**Information shown:**
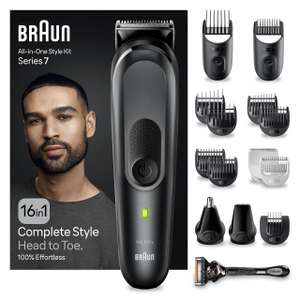 Braun 16-in-1 All-in-One Style Kit Series 7, Male Grooming Kit With Beard Trimmer, Hair Clippers, Precision Trimmer & Gillette Razor MGK7470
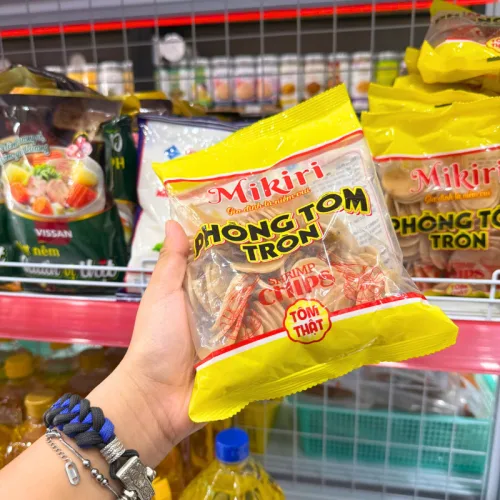Bánh phồng tôm hình tròn Mikiri, gói 200 g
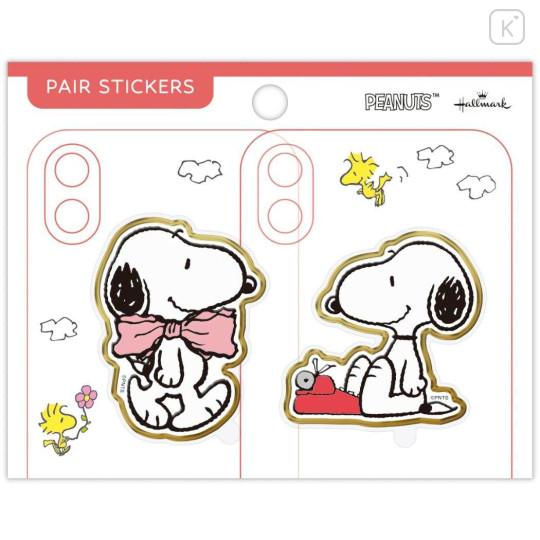 Japan Peanuts Acrylic Sticker - Snoopy : Big Bow Tie Red - 2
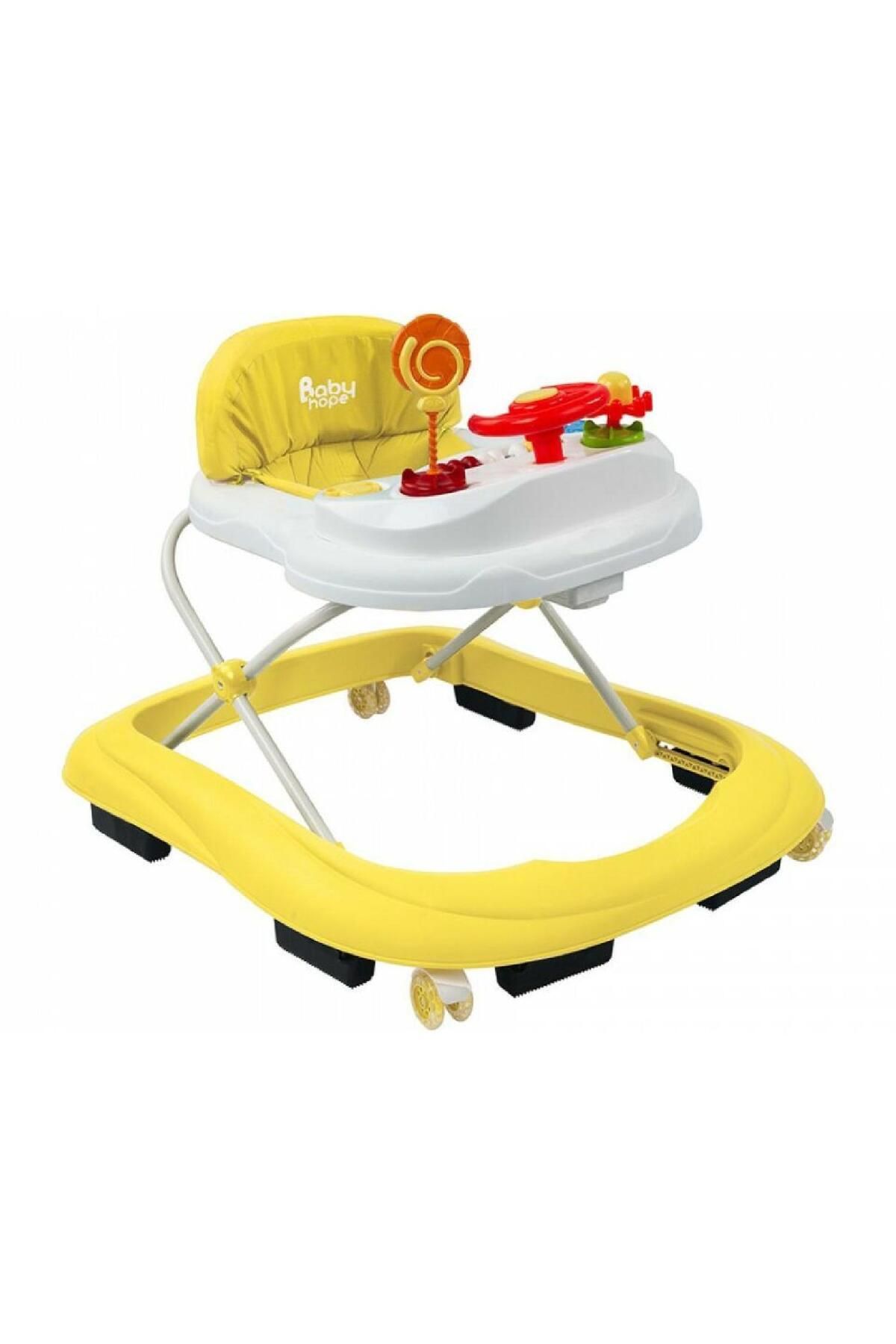 toysclub BABY HOPE 217 LÜKS OYUNCAKLI YÜRÜTEÇ SARI BEYAZ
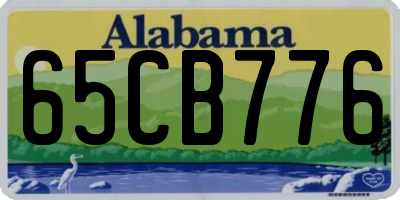 AL license plate 65CB776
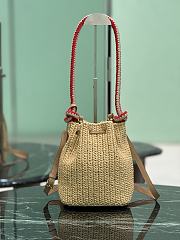 Prada Crochet Mini Bucket Bag Natural 19.5x15.5x10cm - 2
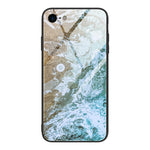 Marble Pattern Glass Protective Case, For iPhone 12 mini, For iPhone 12 Pro Max, For iPhone 11 Pro, For iPhone SE 2022 / SE 2020 / 8 / 7, For iPhone X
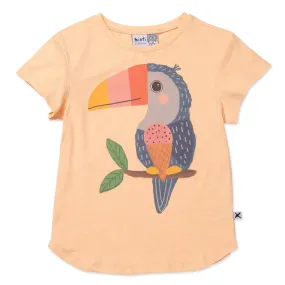 MINTI - ICECREAM TOUCAN TEE: LIGHT ORANGE MARLE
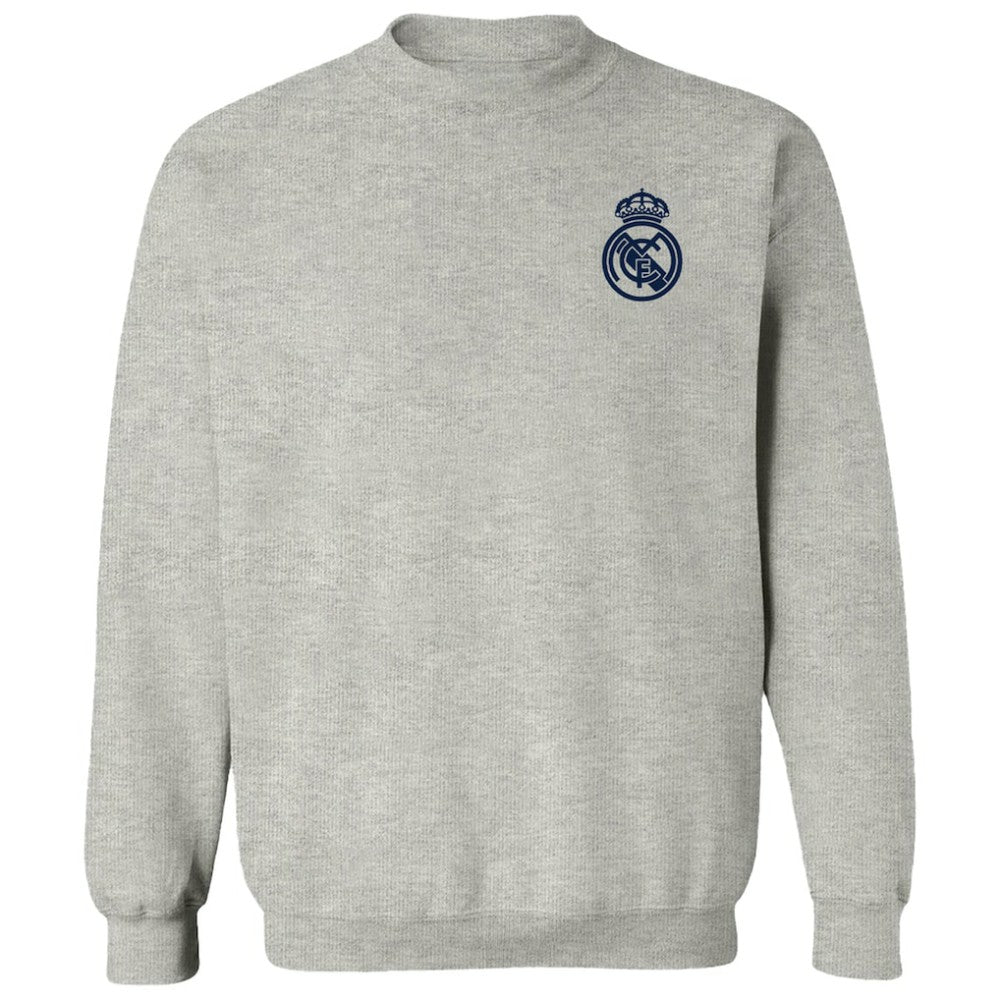 Real Madrid Vive La Fete Women's Impressions Artwork Pullover Sweatshirt  Discount - Gray 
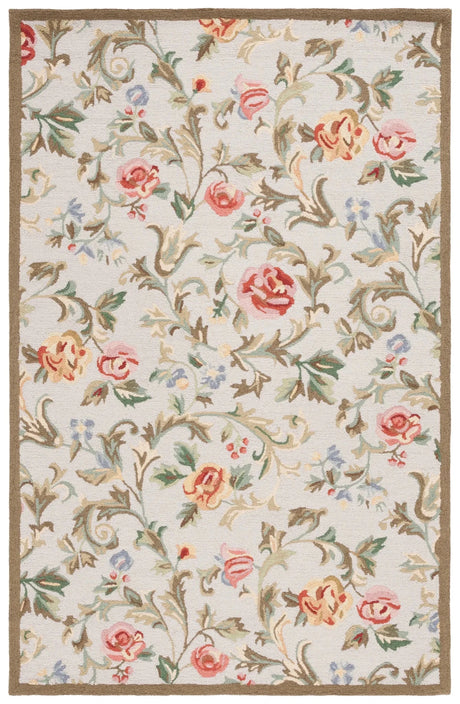 Safavieh Chelsea 3'-9" x 5'-9" Rug in Ivory / Sage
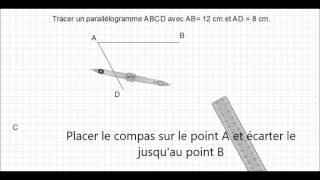 Comment tracer un parallélogramme [upl. by Haraj]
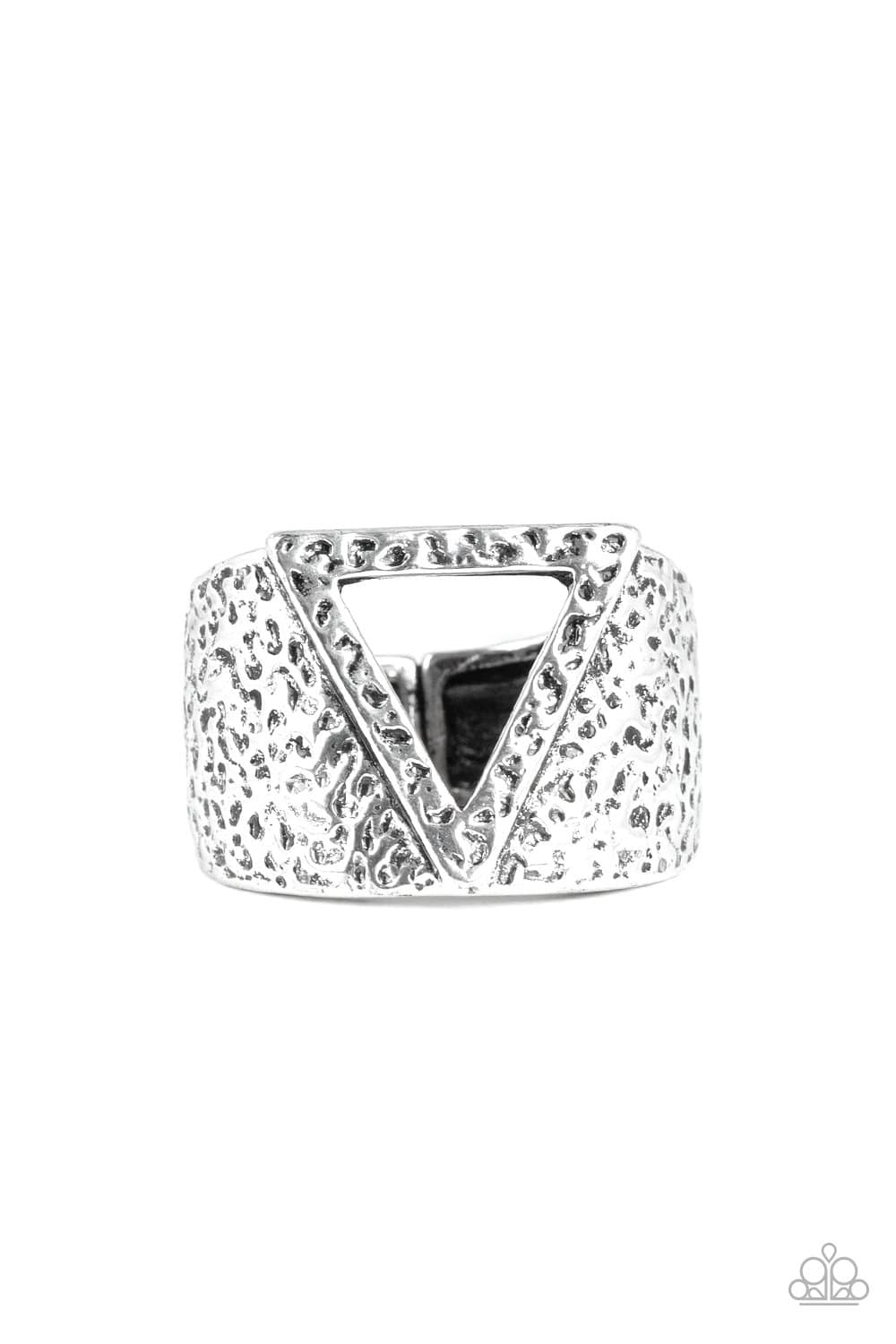 Paparazzi: Triathlon - Silver Ring - Jewels N’ Thingz Boutique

**Work instruction:**
Pictures in the records above are left out; print everything else exactly as written.

**Task response:**
 Braun 16-in-1 All-in-One Style Kit Series 7, Male Grooming Kit With Beard Trimmer, Hair Clippers, Precision Trimmer & Gillette Razor MGK7470
Bánh phồng tôm hình tròn Mikiri, gói 200 g
 Japan Peanuts Acrylic Sticker - Snoopy : Big Bow Tie Red - 2
 toysclub BABY HOPE 217 LÜKS OYUNCAKLI YÜRÜTEÇ SARI BEYAZ
 AL license plate 65CB776
 Prada Crochet Mini Bucket Bag Natural 19.5x15.5x10cm - 2
 Marble Pattern Glass Protective Case, For iPhone 12 mini, For iPhone 12 Pro Max, For iPhone 11 Pro, For iPhone SE 2022 / SE 2020 / 8 / 7, For iPhone X
 MINTI - ICECREAM TOUCAN TEE: LIGHT ORANGE MARLE
 Real Madrid Vive La Fete Women's Impressions Artwork Pullover Sweatshirt  Discount - Gray 
 Safavieh Chelsea 3'-9" x 5'-9" Rug in Ivory / Sage
 Comment tracer un parallélogramme [upl. by Haraj]
 Paparazzi: Triathlon - Silver Ring - Jewels N’ Thingz Boutique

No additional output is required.